Sesekali Fatah membantu Bapaknya di ladang. Semampunya. Tidak setiap hari. Kebiasaan di kota membuat otot-ototnya seperti agar-agar. Kulitnya tidak tahan terhadap gigitan matahari, sekalipun ia menggunakan caping. Paling parah, timbunan gengsi menumpuk di dalam dinding nadi.
Tiga hari, sebagaimana rencana semula, menjadi tujuh hari. Satu pekan kemudian menjadi dua minggu.
"Aku pamit ke kota," Fatah mencium punggung tangan dan pipi Ibunda, lalu memeluknya lama.
Bapaknya mendengus. Wajah kaku melihat ubun-ubun Fatah dengan seribu pikiran berkecamuk di kepala, ketika sang putra mencium tangannya.

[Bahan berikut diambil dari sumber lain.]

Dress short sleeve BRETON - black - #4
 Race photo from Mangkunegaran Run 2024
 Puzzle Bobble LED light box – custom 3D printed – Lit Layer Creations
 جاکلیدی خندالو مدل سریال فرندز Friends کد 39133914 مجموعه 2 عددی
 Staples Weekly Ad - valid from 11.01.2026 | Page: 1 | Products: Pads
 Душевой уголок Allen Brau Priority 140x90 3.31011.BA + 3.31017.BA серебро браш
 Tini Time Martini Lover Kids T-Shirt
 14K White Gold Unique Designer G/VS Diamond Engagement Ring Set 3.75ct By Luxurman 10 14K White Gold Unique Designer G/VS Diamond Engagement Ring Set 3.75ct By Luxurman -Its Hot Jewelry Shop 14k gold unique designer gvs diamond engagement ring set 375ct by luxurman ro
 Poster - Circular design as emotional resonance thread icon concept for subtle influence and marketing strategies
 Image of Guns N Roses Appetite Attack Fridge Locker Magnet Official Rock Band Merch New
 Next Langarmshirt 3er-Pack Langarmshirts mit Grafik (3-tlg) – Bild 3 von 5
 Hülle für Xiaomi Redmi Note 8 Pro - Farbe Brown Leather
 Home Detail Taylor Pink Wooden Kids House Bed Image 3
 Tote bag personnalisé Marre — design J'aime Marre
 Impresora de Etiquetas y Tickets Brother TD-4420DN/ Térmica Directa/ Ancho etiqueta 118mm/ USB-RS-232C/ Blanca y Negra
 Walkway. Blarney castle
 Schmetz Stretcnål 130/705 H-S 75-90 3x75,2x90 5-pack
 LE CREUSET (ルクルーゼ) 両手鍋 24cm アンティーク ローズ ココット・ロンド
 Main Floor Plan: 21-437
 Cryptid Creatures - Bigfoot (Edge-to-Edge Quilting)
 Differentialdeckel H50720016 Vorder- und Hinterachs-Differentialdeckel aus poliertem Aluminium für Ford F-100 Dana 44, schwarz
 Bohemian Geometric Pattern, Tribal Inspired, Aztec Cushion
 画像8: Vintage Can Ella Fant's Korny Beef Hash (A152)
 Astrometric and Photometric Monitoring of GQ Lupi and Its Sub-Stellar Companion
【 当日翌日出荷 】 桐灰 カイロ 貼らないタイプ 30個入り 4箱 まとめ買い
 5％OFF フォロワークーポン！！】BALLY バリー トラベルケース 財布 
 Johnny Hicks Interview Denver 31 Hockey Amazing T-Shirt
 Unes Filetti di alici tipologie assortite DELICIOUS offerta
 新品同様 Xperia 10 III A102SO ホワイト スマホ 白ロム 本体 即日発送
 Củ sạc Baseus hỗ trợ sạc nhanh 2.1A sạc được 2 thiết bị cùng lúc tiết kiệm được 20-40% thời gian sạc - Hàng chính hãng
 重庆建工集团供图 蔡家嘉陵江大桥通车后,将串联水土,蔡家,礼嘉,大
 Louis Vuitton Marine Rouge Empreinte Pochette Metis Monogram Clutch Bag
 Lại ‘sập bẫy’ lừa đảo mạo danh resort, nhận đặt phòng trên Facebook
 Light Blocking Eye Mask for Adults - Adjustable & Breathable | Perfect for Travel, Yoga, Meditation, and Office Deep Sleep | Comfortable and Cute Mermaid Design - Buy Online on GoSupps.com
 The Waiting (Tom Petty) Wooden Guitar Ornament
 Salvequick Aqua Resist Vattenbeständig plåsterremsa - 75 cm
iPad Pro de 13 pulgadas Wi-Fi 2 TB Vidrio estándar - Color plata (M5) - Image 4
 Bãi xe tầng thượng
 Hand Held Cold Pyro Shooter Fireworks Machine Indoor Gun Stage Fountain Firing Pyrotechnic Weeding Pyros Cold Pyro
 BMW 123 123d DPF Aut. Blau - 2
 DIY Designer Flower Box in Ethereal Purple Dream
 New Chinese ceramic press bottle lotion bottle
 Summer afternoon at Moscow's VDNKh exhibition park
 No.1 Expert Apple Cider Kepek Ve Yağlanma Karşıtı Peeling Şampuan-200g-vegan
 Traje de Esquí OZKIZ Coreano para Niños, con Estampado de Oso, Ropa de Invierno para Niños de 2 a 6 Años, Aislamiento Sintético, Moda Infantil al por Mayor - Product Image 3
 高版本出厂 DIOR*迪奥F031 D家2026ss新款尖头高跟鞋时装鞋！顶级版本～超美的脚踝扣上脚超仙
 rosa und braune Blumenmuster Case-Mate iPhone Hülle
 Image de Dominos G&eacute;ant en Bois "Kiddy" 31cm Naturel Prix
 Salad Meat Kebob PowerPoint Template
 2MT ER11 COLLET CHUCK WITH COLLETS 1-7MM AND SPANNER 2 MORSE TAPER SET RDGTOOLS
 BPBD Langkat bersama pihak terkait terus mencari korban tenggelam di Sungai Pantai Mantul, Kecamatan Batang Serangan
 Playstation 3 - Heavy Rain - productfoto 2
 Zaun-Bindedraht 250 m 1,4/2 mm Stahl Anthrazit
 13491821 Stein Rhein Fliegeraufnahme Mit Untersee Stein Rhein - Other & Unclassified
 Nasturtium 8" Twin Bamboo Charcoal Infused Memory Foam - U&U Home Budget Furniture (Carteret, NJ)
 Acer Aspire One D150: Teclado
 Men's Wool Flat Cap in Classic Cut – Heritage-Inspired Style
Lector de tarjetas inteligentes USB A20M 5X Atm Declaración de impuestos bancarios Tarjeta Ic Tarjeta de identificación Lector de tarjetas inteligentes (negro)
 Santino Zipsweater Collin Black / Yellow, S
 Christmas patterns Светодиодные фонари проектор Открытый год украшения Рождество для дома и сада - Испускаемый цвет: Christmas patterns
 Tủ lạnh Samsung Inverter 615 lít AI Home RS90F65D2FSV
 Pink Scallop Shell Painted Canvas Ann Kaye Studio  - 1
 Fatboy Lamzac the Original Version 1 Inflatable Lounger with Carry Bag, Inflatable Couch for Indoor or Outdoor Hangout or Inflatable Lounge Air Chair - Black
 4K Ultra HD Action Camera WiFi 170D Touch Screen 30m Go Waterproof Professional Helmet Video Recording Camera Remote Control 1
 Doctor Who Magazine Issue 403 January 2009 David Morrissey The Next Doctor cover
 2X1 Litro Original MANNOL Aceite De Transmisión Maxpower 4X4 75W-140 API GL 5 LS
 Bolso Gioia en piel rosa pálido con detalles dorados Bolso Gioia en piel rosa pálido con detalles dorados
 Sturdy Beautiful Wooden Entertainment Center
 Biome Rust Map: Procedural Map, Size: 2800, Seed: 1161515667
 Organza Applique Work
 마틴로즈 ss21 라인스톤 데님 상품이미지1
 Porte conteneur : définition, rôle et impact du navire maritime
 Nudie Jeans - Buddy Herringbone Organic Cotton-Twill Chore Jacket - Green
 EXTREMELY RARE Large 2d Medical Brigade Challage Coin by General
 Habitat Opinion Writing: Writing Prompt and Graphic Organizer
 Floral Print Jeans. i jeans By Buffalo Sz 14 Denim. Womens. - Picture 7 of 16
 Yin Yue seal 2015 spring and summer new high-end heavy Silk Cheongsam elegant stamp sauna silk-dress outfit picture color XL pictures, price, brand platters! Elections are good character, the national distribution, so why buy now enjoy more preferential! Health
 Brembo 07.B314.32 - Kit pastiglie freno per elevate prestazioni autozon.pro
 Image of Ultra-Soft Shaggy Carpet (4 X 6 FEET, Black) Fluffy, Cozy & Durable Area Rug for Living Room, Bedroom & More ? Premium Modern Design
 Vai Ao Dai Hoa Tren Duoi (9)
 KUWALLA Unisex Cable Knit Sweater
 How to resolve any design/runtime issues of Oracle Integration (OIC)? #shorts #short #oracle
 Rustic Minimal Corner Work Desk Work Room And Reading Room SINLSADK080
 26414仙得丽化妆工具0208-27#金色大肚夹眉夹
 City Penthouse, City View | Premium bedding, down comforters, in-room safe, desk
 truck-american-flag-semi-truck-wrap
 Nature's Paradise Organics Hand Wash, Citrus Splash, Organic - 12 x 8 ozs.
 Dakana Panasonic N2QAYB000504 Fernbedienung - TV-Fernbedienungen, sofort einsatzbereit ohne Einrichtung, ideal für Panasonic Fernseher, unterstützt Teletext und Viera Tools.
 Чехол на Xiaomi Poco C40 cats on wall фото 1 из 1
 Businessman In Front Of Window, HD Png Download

Sekali lagi, pohon-pohon tepi jalan berkelebat. Mereka bahkan tidak mampu memberangkatkan hati Fatah yang tertinggal di kampung halaman. Kali ini aku harus berhasi. Aku akan berusaha lebih keras, batin Fatah berusaha menyingkirkan keraguan.
***
Indrawan menyergap Fatah dengan pertanyaan dan cerita, "Sudah tahu? Selama kamu pulang kampung, tempat kita digerebek polisi! Untung kamu tidak ada. Kalau enggak, bakal keangkut."
Belum sempat menyatukan potongan cerita, sahabatnya menjejali Fatah dengan berita, "Sudah lama polisi mengamati. Mereka berkesimpulan, Agung terlibat dalam peredaran barang terlarang. Tidak nyangka, diem-diem ternyata .... Jadi, saat ini tempat dikasih pita pembatas. Belum bisa digunakan untuk berkegiatan. Apes dah, ketiban pulung!"
Untuk kesekian kalinya, pikiran Fatah melayang-layang bagai layangan putus. Tiada benang agar tetap tenang meliuk-liuk di awan. Ia tak yakin, apakah ada anak-anak yang mengejarnya dan satu di antaranya menjadi pemilik baru dari layangan putus. Ketidakpastian menghantui.
Fatah termenung. Pikirannya terbang menuju kampung halaman, menampak wajah lembut Ibunda. Terbayang wajah keras dan badan kekar Bapak memacul penuh semangat di tanah ladang turun temurun.
"Terima kasih atas semua kebaikan. Aku pamit. Ada hal penting yang mesti aku lakukan."